Currently, there are also some bilingual tools either ready for use or under development. These analyze existing source texts along with their translations in an attempt to identify potential terms and their equivalents. This process can help a translator build a termbase more quickly. It must be remembered though, that despite the initial term extraction by computer, the output has to be verified by a human translator. The main difference from building a (key)wordlist is that the terminology extraction tries to find multi-word units.
__________________
Reflection #1: Look at Figure 1 on the right and try to answer the question: If terms end up in the bucket at the bottom, what comes out of the upper drain?
There are two approaches to terms extraction: the linguistic or the statistic. The first approach is about identification of word combinations that match certain part-of-speech patterns. For example, in English, many terms consist of NOUN+NOUN or ADJECTIVE+NOUN combination. The statistical approach, on the other hand, is about looking for repetitions. The so called FREQUENCY THRESHOLD (the number of times that series of words must be repeated) can often be specified by the user. The statistical approach is usually based on mutual information score (MI) which operates on the following hypothesis:
"if two lexical items appear together more often than they appear separately, the multi-word unit may be a term candidate". (Bowker 2008, 83)

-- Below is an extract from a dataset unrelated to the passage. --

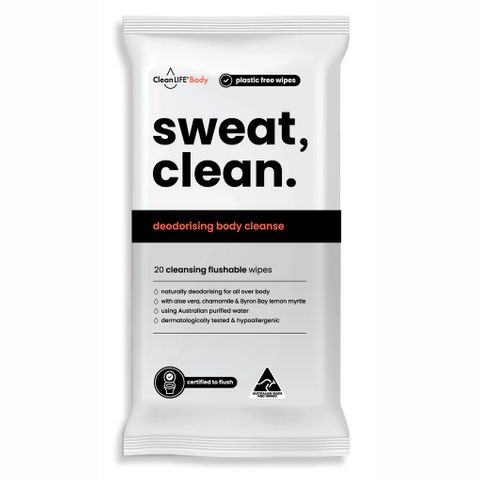 Cleanlife Sweat Clean Wipes 240mm x 200mm 20 wipes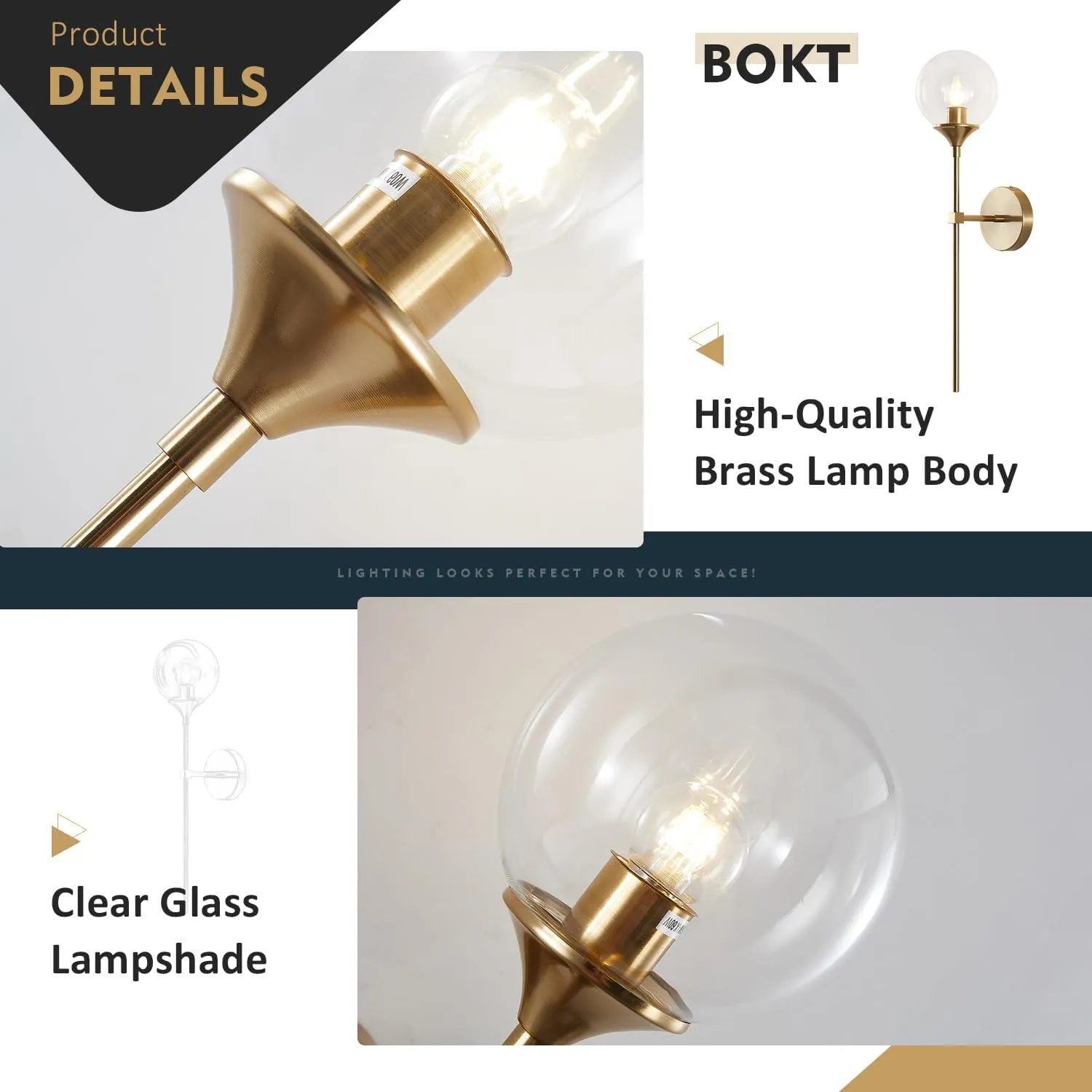 BOKT Glass Globe Wall Sconce Mid Century Modern Glod Wall Light Fixture Bedroom Bedside Bathroom Lighting Brushed Brass Long Pole Nordic Living Room Background Wall Lamp (Clear)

Both approaches produce either SILENCE (situations, when terms are not found because the search criteria omit many cases; or not all of the terms will be repeated frequently enough) or NOISE (the criteria of search are too broad that too many useless term candidates are produced).
(Bowker 2008, 82-86)
__________________
Reflection #2: Suppose you have a 20-page document that has to be translated. What frequency threshold will you set to extract most of the terms in that text?